The transportation sector, accounting for about one fifth of all greenhouse gas emissions, is facing a significant transformation in order to become more climate-friendly. In terms of air transportation, there are several important steps on the way to making flying sustainable both for the planet itself and for people directly or indirectly being exposed to its effects. In the state of the current air traffic operations, where environmentally friendly propulsion systems and fuels are not yet implemented on a large scale, enhancing the efficiency in the airspace can help to bring us closer to the environmental goals of aviation. Such solutions may include improved synchronization of arriving flights in the Terminal Maneuvering Area (TMA), in which congestion is a problem for many airports.  

In this thesis, we first explore and develop methodologies for assessing the environmental impact of the operations in TMA. More specifically, the goal of the assessments is to quantify the additional fuel consumption, gaseous emissions and noise that comes from horizontally and vertically inefficient arrival operations in TMA. We perform our assessments on a couple of European airports, including Stockholm-Arlanda.   

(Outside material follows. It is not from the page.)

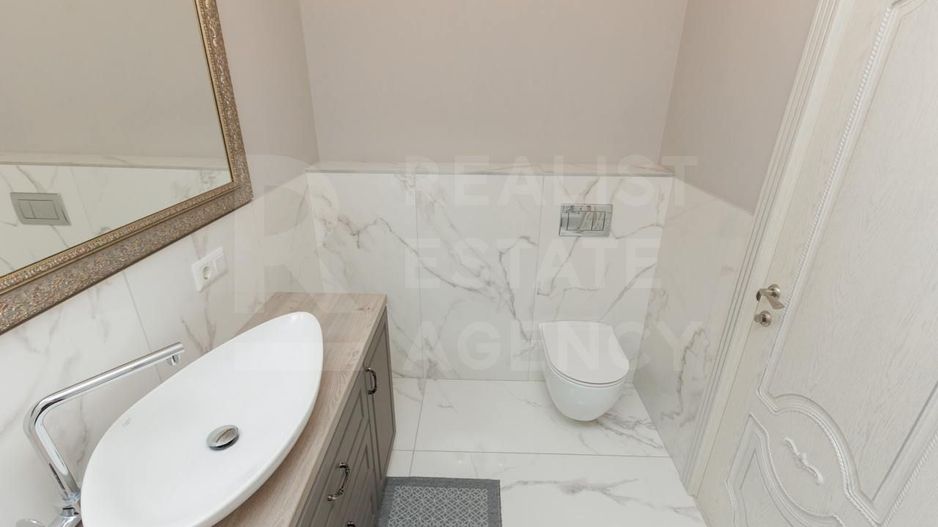 Chirie, casă, 3 camere, strada Melestiu, Centru - Poză 12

Secondly, we propose a Mixed Integer Programming (MIP)-based optimization model which provides for conflict-free arrival operations, where aircraft fly fuel-efficient Continuous Descent Operations (CDOs), applied to Point Merge (PM) arrival procedures, with the primary purpose to serve as a route assigner. We base our optimization on real scenarios, from actual transmitted flight data, and model realistic descent profiles considering the operational capabilities of the specific aircraft type. Additionally, the optimization model ensures the required spacing between aircraft taking off and landing in case the runway is used in a mixed mode. We evaluate our solutions by assessing numerous performance metrics, including environmental efficiency, and compare to the actual trajectories of the real operations. On two European airports implementing PM procedures, we demonstrate that our optimization model provides improved vertical performance as well as reduced time and distance flown in TMA, contributing to reduced levels of noise and fuel savings, accompanied by decreased emissions.